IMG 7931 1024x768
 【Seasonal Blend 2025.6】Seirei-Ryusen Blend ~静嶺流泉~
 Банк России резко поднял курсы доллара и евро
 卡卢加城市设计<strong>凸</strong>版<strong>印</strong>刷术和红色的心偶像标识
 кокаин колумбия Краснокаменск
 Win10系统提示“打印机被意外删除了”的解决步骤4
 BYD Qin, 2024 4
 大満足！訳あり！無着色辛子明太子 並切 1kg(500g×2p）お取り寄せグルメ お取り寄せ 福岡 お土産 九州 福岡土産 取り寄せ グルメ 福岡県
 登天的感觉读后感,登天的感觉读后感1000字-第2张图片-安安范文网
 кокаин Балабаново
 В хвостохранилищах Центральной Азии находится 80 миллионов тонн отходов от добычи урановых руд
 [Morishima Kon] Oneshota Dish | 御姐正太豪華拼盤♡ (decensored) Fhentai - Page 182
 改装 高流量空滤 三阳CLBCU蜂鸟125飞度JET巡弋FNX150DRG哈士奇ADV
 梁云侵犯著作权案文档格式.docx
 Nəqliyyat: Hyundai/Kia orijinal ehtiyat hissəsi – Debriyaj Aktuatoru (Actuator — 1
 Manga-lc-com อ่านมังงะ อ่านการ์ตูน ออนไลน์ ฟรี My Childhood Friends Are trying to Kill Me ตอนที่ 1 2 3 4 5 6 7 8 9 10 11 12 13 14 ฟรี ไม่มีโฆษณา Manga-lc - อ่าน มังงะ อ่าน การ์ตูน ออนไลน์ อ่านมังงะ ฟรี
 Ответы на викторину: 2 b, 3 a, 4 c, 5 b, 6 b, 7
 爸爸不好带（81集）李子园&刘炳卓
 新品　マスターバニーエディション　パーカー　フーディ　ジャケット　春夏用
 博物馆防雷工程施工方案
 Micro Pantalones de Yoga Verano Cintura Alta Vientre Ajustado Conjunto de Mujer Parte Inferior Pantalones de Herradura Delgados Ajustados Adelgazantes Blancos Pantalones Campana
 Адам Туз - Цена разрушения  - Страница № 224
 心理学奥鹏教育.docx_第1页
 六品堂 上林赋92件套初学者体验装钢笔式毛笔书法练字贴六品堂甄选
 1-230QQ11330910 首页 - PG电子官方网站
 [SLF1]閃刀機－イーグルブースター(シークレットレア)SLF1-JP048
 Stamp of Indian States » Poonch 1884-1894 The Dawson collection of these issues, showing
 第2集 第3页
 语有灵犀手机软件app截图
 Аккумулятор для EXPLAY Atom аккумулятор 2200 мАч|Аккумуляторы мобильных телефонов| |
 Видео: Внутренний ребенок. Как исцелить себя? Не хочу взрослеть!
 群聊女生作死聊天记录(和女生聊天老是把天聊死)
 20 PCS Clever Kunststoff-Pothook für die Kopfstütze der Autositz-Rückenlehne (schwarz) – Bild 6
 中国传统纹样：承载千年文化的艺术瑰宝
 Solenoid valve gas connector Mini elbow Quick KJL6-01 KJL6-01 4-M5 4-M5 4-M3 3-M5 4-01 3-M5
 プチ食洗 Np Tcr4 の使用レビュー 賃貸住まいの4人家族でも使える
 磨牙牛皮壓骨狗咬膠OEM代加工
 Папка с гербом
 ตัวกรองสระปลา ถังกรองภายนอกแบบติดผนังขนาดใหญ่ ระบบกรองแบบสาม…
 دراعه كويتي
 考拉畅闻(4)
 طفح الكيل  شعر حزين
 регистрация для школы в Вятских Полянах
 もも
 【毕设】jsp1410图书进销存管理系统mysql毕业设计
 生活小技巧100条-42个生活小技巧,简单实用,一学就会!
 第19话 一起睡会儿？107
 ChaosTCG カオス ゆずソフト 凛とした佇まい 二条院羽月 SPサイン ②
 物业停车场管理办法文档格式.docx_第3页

**********

What belongs in the answer is each line of the data that has the word "кокаин".

 кокаин колумбия Краснокаменск
 кокаин Балабаново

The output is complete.